Because on the Cross He let evil bring its worst on Himself, and on the Cross He defeated it. Though the battle rages on, the war has been won. And the Cross has been passed to me as part of Christ’s Church, which is His Body.
And the message of the Cross as it applies to me is: with Christ in me, I stand in the gaps where evil still carries on its battles just as Christ stood in the gap to win the ultimate war. Not me by myself, but Christ in me and in the Church along with me; I’m not in this alone.
The embrace of the Cross is more than accepting salvation; it’s taking up Jesus’ way of life. It is expecting to suffer. It is expecting to confront evil. It is knowing that this is my vocation as a disciple: to be Christ in the world. And it is coming to terms with the fact that it’s quite probable that in my confrontations with evil, by all outward appearances it will look and feel like evil wins.
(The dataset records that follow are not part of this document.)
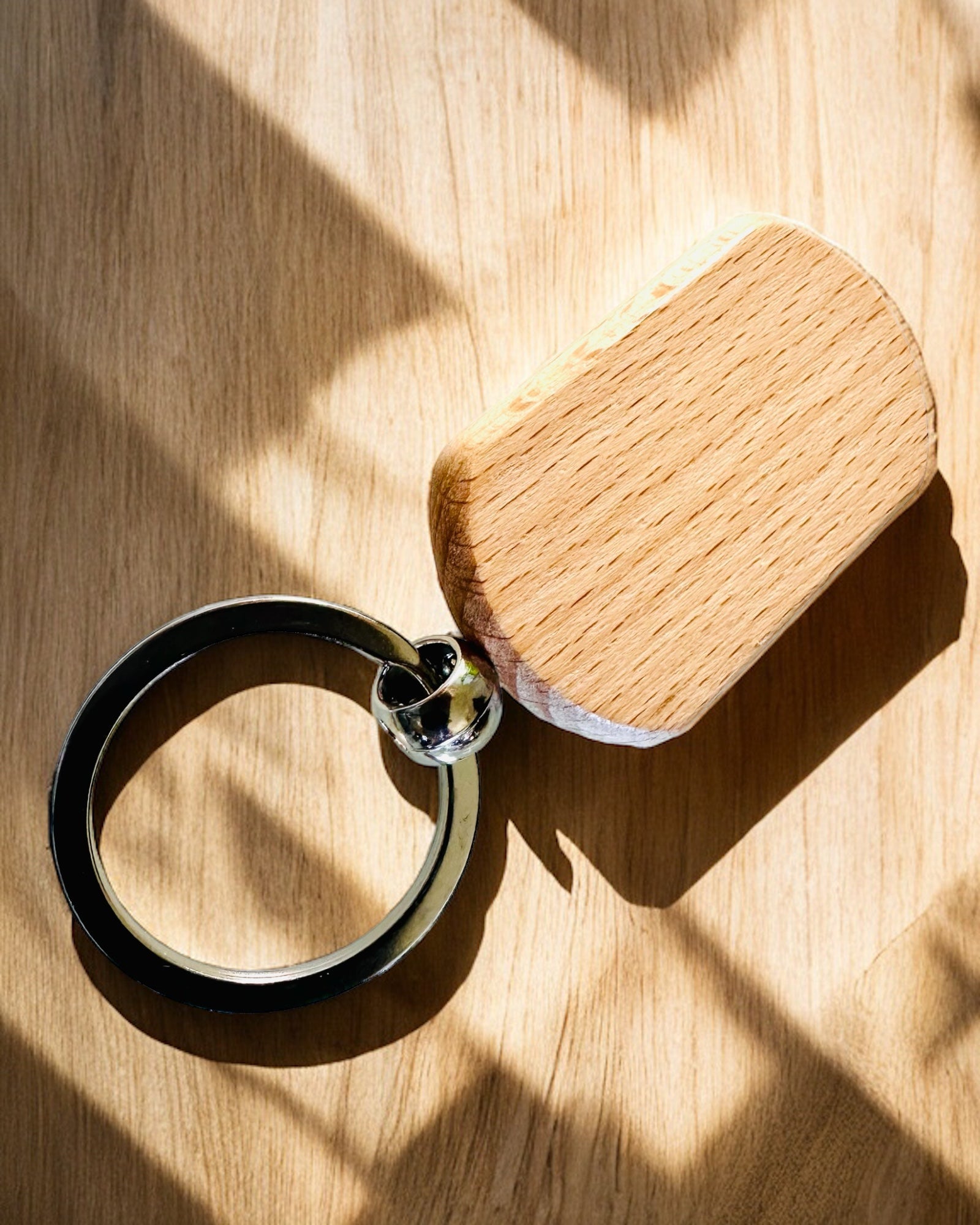 Porte-clés Élégant en Bois avec Personnalisation par Gravure – Idéal pour un Cadeau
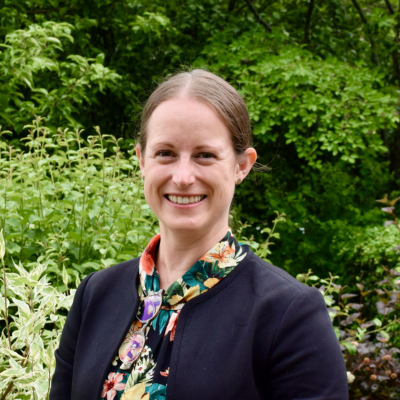 Headshot of Kristin Lennan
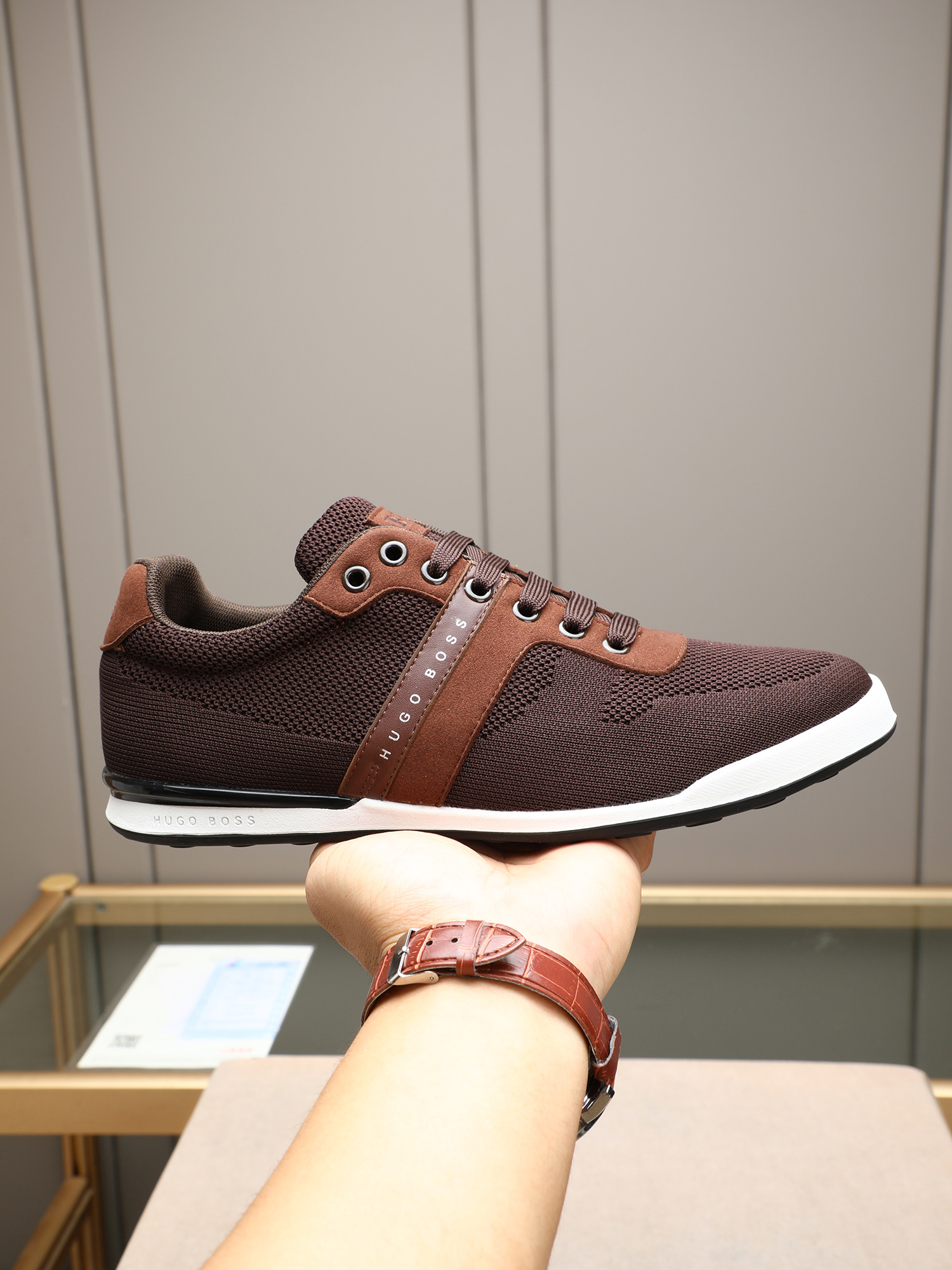NO:354137,P Boss men's casual sneakers, original mold opening, top layer cowhide material spliced ​​with high elastic flying weaving design, breathable mesh, soft and comfortable on the upper foot, TPU big soles feel lightweight!  Size38-44 (45 custom made), Sneakers, cowhide19860909P Boss男士休闲运动鞋,原版开模,头层牛皮材质拼接高弹力飞织设计,透气网里,上脚柔软舒适 TPU大底脚感轻便！Size38-44（45定做）,,sneakers,cowhide,Men's shoes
For three days it seemed the forces of darkness had fought with God and God lost. That the darkness actually was, in fact, stronger. Three days. An eternity.
But through the very process in which evil sought to conquer and destroy, evil was defeated. Certain victory was blindsided by crushing defeat.
And that is my path, as well. Not masochistic. Just not shocked when evil and pain seem to find me. And not overcome with despair, but actually being able to rejoice as the Apostles did because the arrival of evil is proof that I am succeeding in my vocation – evil is being drawn to me, and through Christ in me it is being destroyed though it may look like utter catastrophe.
I think that was Paul and the Apostles’ secret: they really did learn to see their life that way. That’s how they could sing in prison. How they could count their persecution as joy.
It’s so utterly alien, but it’s so true.
Thank you for sharing the truth. Can you please tell me the source of the photo with “Where is God?”. Thank you!
Thank you. I don’t recall the source exactly, though I generally acquire the images I use through a Google search.